OMSSA was previously modified to accommodate NETD spectra of anionic peptides, allowing for α- and x-type productions.10 Prior to the OMSSA search, a ±3 Da window around the unreacted precursor and the window 55 Da below and 5 Da above the charge-reduced precursor peaks were cleaned from the spectra. This was done because inclusion of unreacted precursor peaks, charge-reduced precursor peaks, and neutral loss peaks from the charge-reduced precursor ions are known to drastically hurt scoring in OMSSA and other search algorithms.32,33 A multi-isotope search using three isotopes with a mass tolerance of ±40 ppm was used for precursors, and a monoisotopic mass tolerance of ±0.01 Da was used for product ions (α- and x-type). Data processing was performed using COMPASS software designed for OMSSA outputs.34 Byonic was modified for NETD and AI-NETD spectra as described below. No spectral cleaning was performed prior to analysis with the Byonic pipeline. A precursor mass tolerance was set to ±10 ppm with a Precursor off by x setting of “too high (narrow)” and a product ion tolerance of ±20 ppm, and peptide spectral score cuts were set to automatic.
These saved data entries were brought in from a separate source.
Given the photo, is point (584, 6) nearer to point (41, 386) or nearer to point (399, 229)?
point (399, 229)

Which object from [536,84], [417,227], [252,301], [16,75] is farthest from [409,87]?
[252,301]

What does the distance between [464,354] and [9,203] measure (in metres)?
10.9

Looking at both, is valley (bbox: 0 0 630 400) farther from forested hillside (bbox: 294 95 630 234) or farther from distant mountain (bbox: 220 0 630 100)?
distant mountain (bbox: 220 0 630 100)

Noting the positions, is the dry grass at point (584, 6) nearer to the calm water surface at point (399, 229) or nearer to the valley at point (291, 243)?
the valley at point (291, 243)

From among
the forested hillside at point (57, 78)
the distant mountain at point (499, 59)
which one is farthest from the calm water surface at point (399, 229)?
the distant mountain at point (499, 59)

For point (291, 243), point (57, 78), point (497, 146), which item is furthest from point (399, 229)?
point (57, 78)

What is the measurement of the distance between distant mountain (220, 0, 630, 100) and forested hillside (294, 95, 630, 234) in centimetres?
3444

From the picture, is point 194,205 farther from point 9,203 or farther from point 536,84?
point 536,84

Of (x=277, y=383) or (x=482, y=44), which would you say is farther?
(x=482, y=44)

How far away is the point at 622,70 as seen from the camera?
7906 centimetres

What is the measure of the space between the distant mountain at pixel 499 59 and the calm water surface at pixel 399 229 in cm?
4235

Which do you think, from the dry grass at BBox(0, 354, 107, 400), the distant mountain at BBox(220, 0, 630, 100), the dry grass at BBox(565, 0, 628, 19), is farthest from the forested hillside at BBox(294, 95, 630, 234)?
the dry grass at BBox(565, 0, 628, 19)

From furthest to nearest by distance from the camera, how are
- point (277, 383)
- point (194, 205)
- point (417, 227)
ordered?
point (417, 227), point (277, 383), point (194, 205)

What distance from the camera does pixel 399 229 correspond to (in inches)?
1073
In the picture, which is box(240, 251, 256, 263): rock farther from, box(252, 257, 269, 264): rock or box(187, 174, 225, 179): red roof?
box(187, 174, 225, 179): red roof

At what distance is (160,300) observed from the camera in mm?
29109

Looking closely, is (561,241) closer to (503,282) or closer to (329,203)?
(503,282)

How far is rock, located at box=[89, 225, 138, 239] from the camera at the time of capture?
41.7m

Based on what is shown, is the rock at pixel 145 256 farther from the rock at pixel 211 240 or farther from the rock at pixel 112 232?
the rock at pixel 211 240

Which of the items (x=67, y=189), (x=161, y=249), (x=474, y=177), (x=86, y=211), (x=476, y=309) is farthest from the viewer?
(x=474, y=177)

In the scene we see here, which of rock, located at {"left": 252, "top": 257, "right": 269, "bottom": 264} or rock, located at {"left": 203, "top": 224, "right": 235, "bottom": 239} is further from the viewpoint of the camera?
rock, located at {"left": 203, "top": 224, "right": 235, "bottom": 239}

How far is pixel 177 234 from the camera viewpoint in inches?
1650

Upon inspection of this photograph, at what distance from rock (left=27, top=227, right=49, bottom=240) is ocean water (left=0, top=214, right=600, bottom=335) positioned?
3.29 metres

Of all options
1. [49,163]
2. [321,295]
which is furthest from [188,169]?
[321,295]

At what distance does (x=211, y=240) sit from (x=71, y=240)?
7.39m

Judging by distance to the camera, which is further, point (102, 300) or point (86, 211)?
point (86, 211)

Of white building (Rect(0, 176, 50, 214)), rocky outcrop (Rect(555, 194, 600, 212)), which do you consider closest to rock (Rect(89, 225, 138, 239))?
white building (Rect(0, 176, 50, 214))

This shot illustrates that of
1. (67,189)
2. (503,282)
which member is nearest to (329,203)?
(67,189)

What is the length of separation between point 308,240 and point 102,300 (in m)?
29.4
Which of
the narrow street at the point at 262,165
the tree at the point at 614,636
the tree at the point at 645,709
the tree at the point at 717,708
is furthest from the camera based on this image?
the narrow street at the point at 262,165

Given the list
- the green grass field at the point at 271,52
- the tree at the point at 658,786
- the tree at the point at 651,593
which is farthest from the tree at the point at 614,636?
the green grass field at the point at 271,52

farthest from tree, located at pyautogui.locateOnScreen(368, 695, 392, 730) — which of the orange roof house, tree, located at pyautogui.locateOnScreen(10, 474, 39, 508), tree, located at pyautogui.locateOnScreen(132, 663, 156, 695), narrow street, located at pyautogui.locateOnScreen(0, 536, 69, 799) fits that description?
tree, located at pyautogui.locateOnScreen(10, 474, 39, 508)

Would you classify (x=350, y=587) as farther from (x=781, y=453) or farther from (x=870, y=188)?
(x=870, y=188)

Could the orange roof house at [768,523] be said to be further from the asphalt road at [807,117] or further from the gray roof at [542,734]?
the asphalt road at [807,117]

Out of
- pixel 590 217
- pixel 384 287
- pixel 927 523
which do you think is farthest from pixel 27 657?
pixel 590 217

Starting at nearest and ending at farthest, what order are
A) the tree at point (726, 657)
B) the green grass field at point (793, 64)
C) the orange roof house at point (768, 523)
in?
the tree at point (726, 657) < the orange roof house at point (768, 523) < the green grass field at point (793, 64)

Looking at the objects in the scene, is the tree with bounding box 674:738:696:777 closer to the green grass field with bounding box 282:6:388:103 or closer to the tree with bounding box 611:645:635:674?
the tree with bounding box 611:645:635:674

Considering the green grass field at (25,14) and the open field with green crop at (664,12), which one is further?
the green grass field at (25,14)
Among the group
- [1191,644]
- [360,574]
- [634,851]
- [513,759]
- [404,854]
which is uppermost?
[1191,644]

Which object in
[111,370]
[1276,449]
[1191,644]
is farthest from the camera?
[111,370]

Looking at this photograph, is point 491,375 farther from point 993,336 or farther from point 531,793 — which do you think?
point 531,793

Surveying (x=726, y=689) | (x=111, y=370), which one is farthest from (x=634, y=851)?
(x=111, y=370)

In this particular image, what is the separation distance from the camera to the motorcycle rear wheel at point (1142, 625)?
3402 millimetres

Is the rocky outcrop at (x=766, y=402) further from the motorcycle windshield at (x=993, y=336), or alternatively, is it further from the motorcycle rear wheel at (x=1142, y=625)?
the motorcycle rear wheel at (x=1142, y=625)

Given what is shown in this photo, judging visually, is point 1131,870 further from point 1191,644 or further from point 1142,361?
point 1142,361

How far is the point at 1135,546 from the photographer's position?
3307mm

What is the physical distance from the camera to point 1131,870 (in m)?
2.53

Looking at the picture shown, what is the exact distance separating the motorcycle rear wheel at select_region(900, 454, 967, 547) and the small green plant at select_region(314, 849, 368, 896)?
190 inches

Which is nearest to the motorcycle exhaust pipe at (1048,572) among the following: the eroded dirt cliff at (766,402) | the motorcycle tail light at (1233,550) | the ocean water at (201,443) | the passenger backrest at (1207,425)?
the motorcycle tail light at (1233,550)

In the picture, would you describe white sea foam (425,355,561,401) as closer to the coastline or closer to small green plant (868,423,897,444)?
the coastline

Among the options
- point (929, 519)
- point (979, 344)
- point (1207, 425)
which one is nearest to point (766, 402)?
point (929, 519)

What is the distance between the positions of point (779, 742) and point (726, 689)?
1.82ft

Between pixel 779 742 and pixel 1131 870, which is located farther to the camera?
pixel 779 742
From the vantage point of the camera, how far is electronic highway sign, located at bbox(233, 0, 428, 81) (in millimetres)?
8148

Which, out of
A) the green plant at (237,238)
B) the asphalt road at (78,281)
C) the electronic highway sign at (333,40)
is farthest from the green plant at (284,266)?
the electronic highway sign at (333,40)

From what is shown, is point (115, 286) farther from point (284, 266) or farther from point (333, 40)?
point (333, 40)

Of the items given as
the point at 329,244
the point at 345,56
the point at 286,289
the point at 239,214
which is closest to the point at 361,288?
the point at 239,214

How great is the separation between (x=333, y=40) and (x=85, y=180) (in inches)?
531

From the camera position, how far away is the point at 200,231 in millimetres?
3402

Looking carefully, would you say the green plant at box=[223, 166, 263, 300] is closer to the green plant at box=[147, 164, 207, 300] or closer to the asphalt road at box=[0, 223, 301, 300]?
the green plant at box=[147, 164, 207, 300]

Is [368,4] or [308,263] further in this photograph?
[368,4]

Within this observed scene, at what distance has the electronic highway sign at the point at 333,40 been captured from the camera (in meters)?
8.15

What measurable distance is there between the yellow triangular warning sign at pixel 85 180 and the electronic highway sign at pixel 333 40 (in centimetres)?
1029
For both OMSSA and Byonic, oxidation of methionine and pyro-glu from N-terminal glutamine and glutamate were specified as variable modifications, while carbamidomethylation of cysteine was a set as a fixed modification. For all enzymes, three missed cleavages were allowed with the following specificity: trypsin (RK|), lysC (K|), GluC (DE|), chymotrypsin (FWYL|), and AspN (|D). For human data for both search algorithms, PSMs were made against the UniProt human database (canonical plus isoforms) downloaded on November 6, 2015, which was concatenated with a reversed sequence version of the forward database. Yeast data were searched similarly with both OMSSA and Byonic using the UniProt yeast database downloaded on September 29, 2014. For OMSSA, unique peptides were filtered to a 1% FDR using both e-value and precursor mass accuracy, and proteins were also filtered to 1% FDR. For Byonic, protein-oblivious FDR estimation reports 1% FDR at the unique peptide level, while protein-aware reports FDR on the PSMs from proteins ranked above the top decoy protein, using the 2D target decoy approach available in Byonic.27 When pooling spectra from multiple nLC−MS/MS analyses, FDR was calculated for the aggregate set of data rather than calculating a separate false discovery rate for each run prior to combining results.

RESULTS AND DISCUSSION

With the ultimate goal to improve large-scale negative-mode proteome analysis by the development of postacquisition informatics tools, we modified the Byonic algorithm to analyze NETD and AI-NETD spectra. To guide this modification process we utilized a data set comprising 11 433 AI-NETD MS/MS spectra from the analysis of yeast tryptic peptides, although no formal training of predicted peak weights for scoring NETD spectra was performed. From these experiments we made several spectral processing decisions. First, we employed a simple scorer for singly charged α- and x-type product ions. Following successful spectral annotation, we expanded the scorer to include multiply charged fragments and isotope peaks from the higher-mass fragments. When analyzing high-resolution MS/MS spectra, we allowed the algorithm to score each production’s isotope series. For low-resolution MS/ MS data, we considered only the monoisotopic m/z peak for product ions up to 1200 Da, switching to an approximation of the average isotopic mass for larger ones.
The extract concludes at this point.